Nuestra casa definitiva, la grande, la eterna, está allí. El adviento nos lo recuerda. El domingo pasado lo repetíamos en el salmo responsorial. Qué suerte rezar oficialmente con palabras tan bellas.
Qué alegría cuando me dijeron: / “Vamos a la casa del Señor”. / Ya están pisando nuestros pies / tus umbrales, Jerusalén.
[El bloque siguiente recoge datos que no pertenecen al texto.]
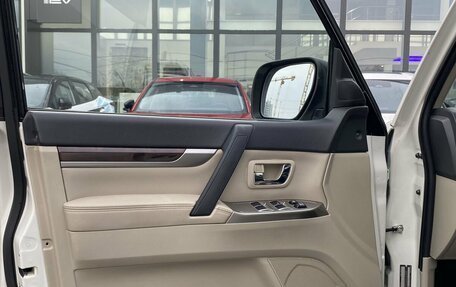 Mitsubishi Pajero IV, 2020 год, 4 149 000 рублей, 17 фотография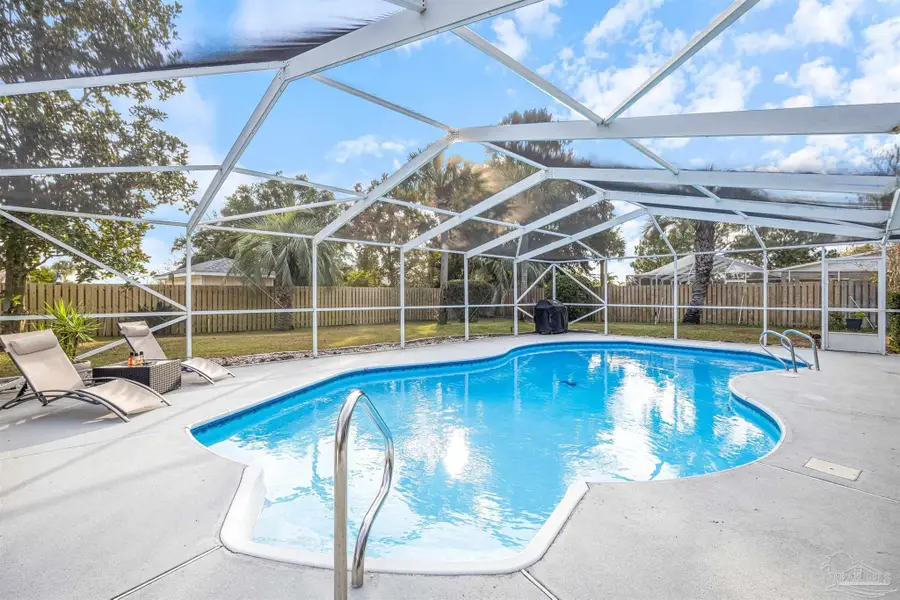 213 Clear Lake Dr, Pensacola, FL 32507 - Image #2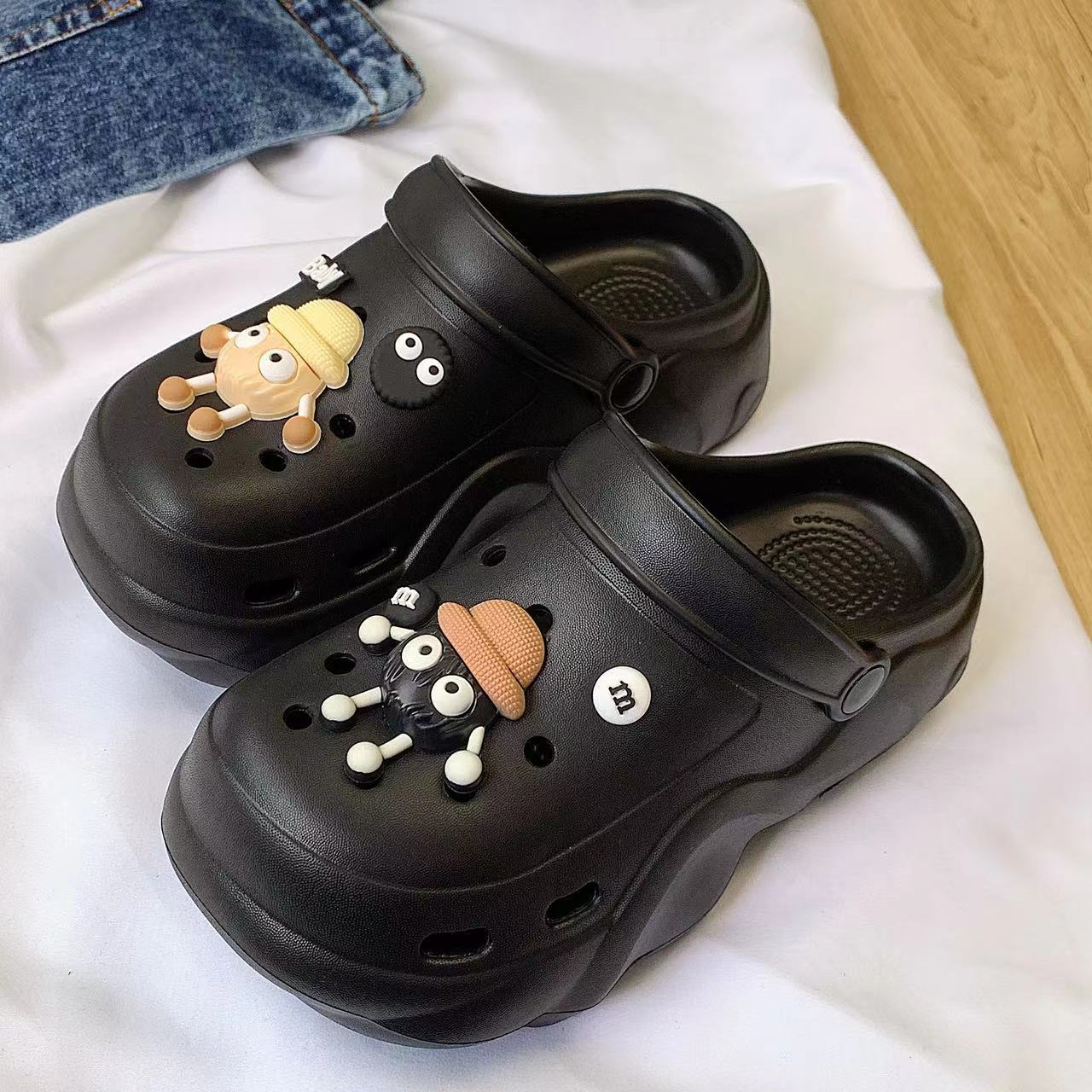 Damen Tiermotivierte Komfortclogs mit kreativen Accessoires Fudus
Jerusalén es el final del viaje humano, la “
ciudad que no se acaba”. Además de la cercanía de las fiestas navideñas, celebramos
la venida postrera del Señor que nos abre la entrada a esa ciudad donde “se nos prepara una vivienda eterna”. En adviento o fuera de él, canté modestamente, desde
la esperanza, la certeza de llegar a esa casa y
a esos brazos que en el amor sostienen el mundo.AMARTE A TI
Amarte a ti cuando por fin
beba y abrace eternamente, toque y haga mías
tu voz, tu dicha
viéndote cara a Cara, amor a Amor y vida a Vida,
será sencillo como encender mis ojos
en la luz de tus ojos, Madre
y Padre de los astros con quien soñé mil noches.
Pero aun entonces
me gustaría recordar contigo,
decírtelo al oído suavemente,
con el susurro claro del amor sin retorno,
que ya antes sin luz, casi sin voz, con mis caídos
brazos de tiempo, con mi cuerpo
de planeta apagado,
te amé hasta el fin de mis cenizas
y me dejé abrazar y hasta abrasar de ti,
vivo y querido, convertido en llama.
(Mayo de 2009)
(De Apasionado adiós, Madrid, Vitruvio, 2013).